How did I get to this point in my life of learning (and unlearning)?
I grew up with a personal narrative reflective of the epitome of white privilege – some might refer to this as living amongst my own story, neglecting narratives that were different than my own. I call it ignorance, or naivety, as I really did not know any better at the hand of the teachers in my life (not solely in school; rather, people who had a significant influence on my upbringing such as my family). I did not have to acknowledge diverse perspectives – my privilege afforded me this ignorance. As a result, I entered University having little understanding of the world around me (and how truly oppressive it is). My first reflective experience which caused me to look inward occurred in Indigenous Studies 100 (taken in my first semester at the U of R) – I had absolutely no clue what the professor was talking about half of the time. The other half of the time was spent sorting through emotions such as anger and discomfort – why had I not learned about any of this content until now (at the age of 19….)?

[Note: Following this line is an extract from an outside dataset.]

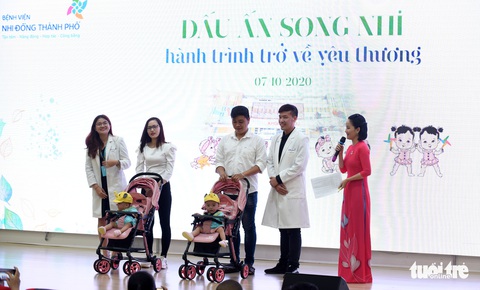 Trúc Nhi - Diệu Nhi đáng yêu trong ngày xuất viện - Ảnh 2. Trúc Nhi - Diệu Nhi đáng yêu trong ngày xuất viện - Ảnh 2.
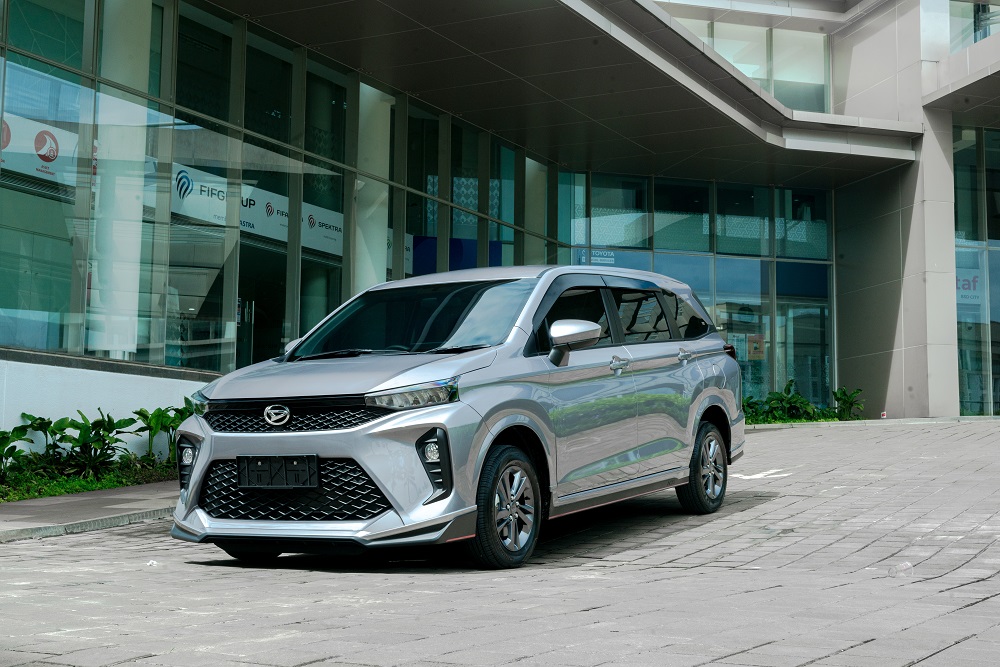 mobil listrik byd m6 di pameran otomotif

My perspectives continued to shift as I entered an Education Core Studies (ECS) course focusing upon anti-oppressive education; again, this content spoke volumes to me – I committed myself to a journey of trying to unlearn and disrupt dominant narratives (specifically within my own life). Over the course of the past two years, alongside a handful of influential mentors (whom have shaped my journey immensely), I have continued on with my journey of unpacking and critically thinking about social justice and anti-oppressive education. Alongside a group of colleagues (pre-service educators and our professors), I became part of something truly special this year in terms of social justice work – the formation of a student’s society on campus STARS (Student Teacher Anti-Racist/Anti-Oppressive Society) Regina, which focuses on promoting anti-oppressive education at the University of Regina: “We work to understand, identify, and address individual and systematic forms of oppression based on race, gender, sexuality, socio-economic status, religion, age, disability, and other socially constructed categories.” Through research, collaborative conversations and professional development, I felt as though I was making progress BUT my efforts were not enough – I was simply playing it safe and not taking enough risks…

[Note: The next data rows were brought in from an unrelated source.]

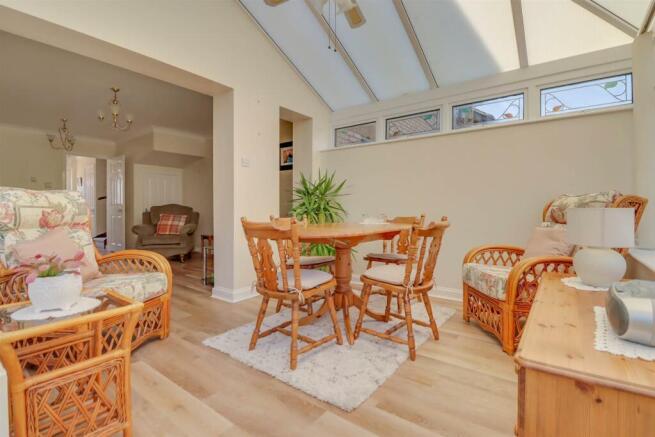 17 ERVINE PLACE INSIDE-17.jpg
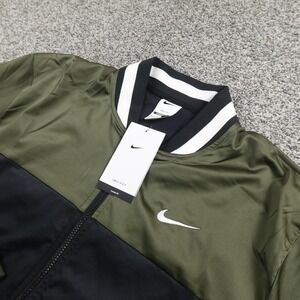 NEW Nike Jacket Mens M Green Black Golf Club Dri FIT Full Zip Windbreaker Coat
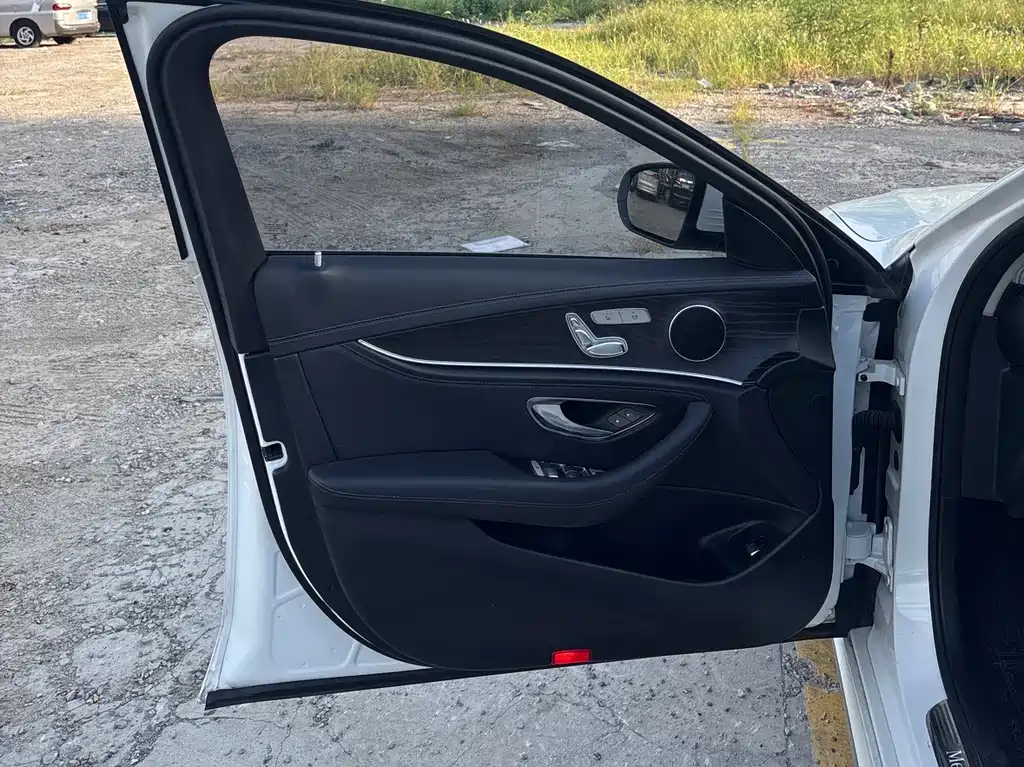 Mercedes-Benz E-Class — миниатюра 8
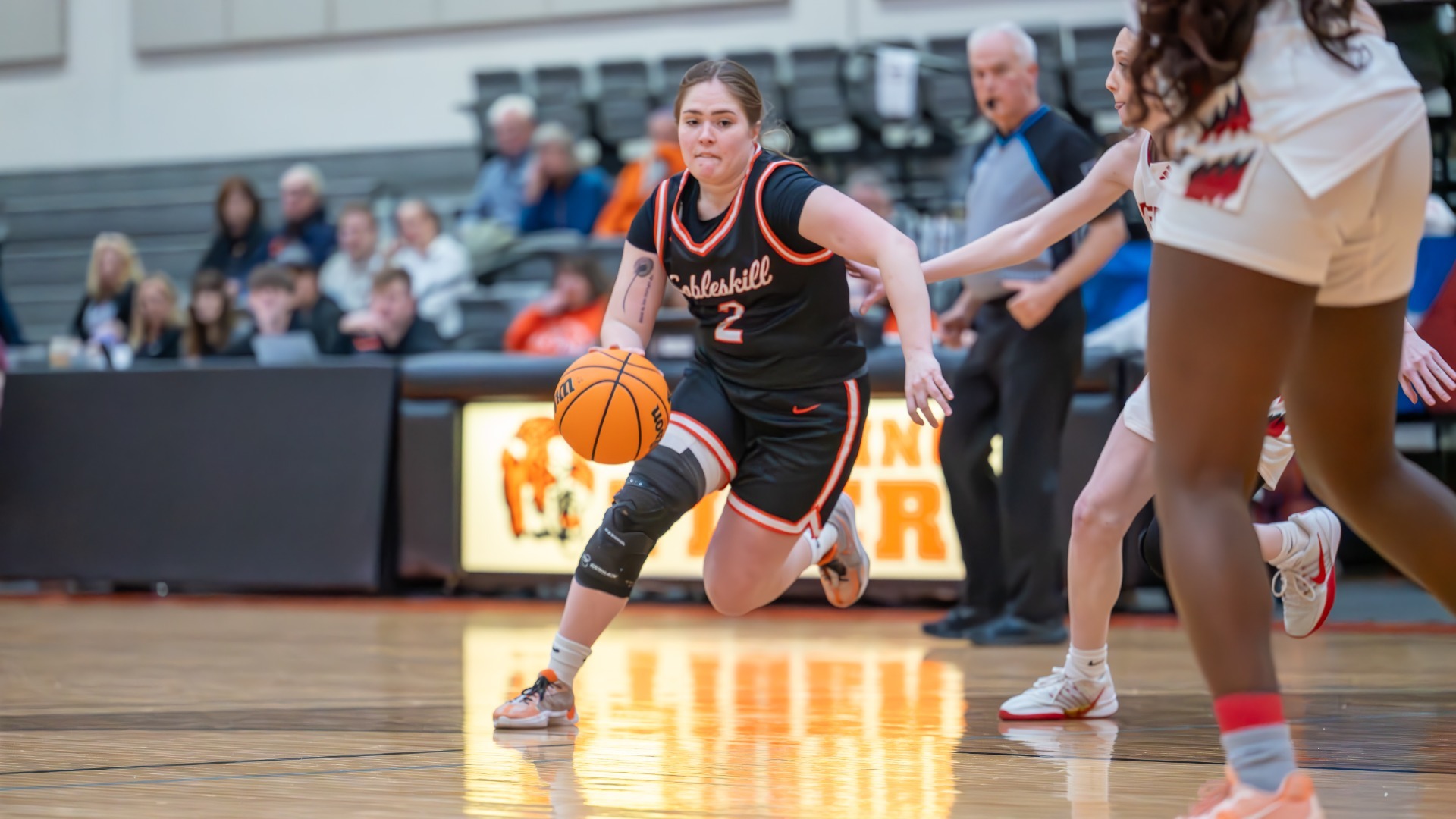 Kyra Pence against Thomas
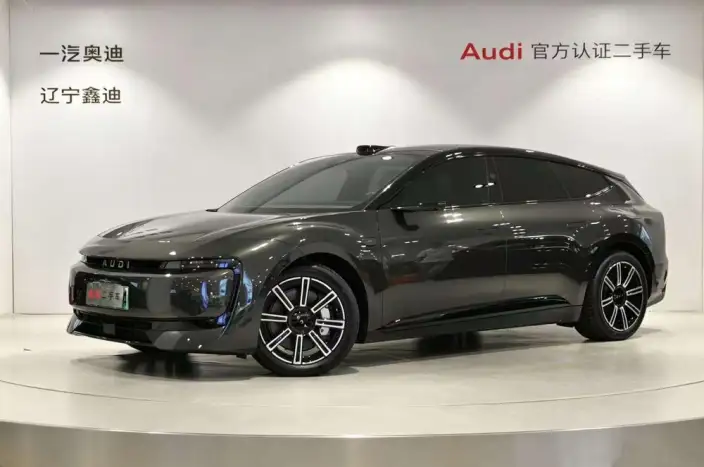 AUDI E5 Sportback 2026 Model Pioneer quattro Model – фото 1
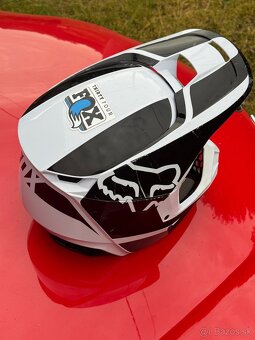 Prilba Fox V1 - 2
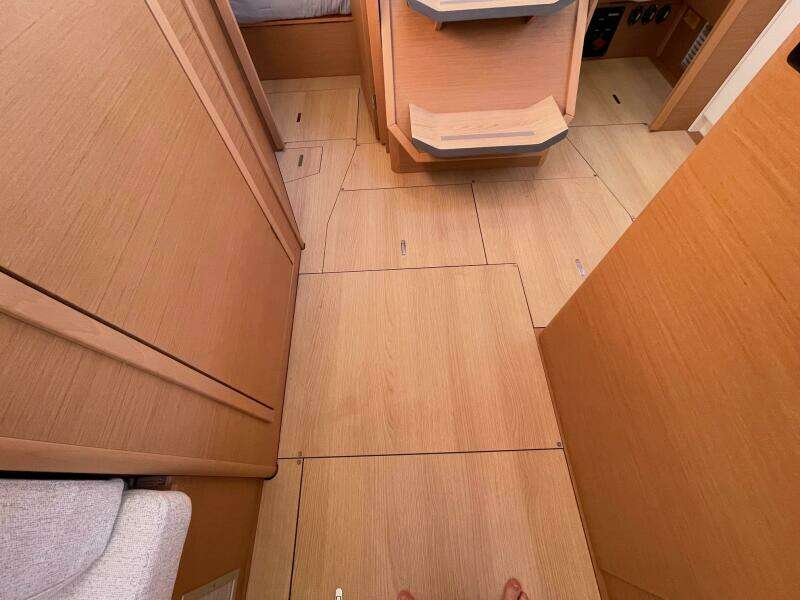 41ft Jeanneau Yacht For Sale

In the past I have avoided any learning surrounding Indigenization and Treaty Education – I was fully aware of the importance, but felt overtly uncomfortable going there (mainly because of my lack of background knowledge…and feeling so small within something vastly greater than myself). Lack of risk taking and challenging myself has resulted in my journey as Witness Not Tourist – a learning experience (process of becoming) I will be following for the rest of my life, I am sure. The knowledge I have acquired through this experience alongside the Witness Blanket thus far has and will continue to shape the educator I am becoming. Now at the age of 24, I am embarking on an even deeper (discomforting) journey – moving beyond the vast amounts of ‘tourists’ in life and become a witness, an ally and a friend; please join me as I unlearn, acknowledge and move forward.